As part of his 2013 Budget proposals, Minister Gordhan announced various changes to the tax treatment of interest.
Firstly, as announced last year, the tax treatment of so-called ‘hybrid debt’ will be amended so as to re-characterise such debt as dividends. The main concerns in this area appear to be debt instruments that do not have a realistic possibility of being repaid in 30 years, or debt that is convertible into shares at the option of the issuer. Banks and insurers will be excluded from this re-characterisation treatment.
Secondly, certain restrictions will apply to connected person debt. ‘Excessive’ debt issued to connected person creditors will come in for unfavourable tax treatment in the form of limits that will be imposed on the deductibility of interest on such debt. The limit announced was 40 per cent of earnings after interest on other debts had been deducted. Excess interest will be allowed to be rolled forward for up to five years. The announcement referred specifically to situations where the creditor is exempt from tax on the interest (presumably referring to situations where the creditor is a non-resident).
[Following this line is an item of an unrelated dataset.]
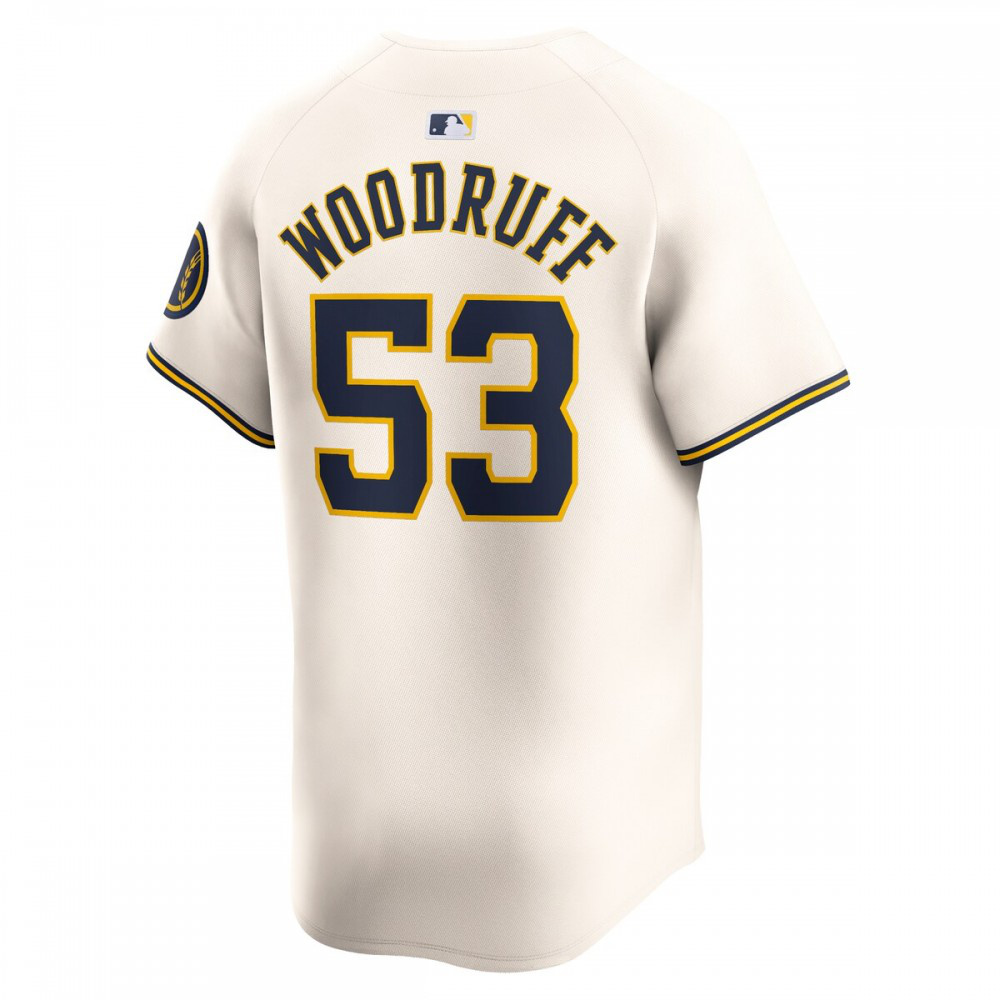 Brandon Woodruff Milwaukee Brewers Home Limited Player Jersey - Cream-Pro Kit Vault | Brand New 26/27 Sports Jerseys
Hopefully the proposal, which would otherwise have wide-ranging implications for the economy, will be limited to such circumstances only.
Thirdly, there appear to be on-going concerns around the use of debt to finance corporate restructuring transactions. The proposals in this regard are somewhat sketchy but it appears that a regime whereby a ceiling will be placed on the deductibility of the interest under such circumstances will replace the current discretionary regime whereby taxpayers apply for a discretionary directive from SARS before being allowed to deduct the interest.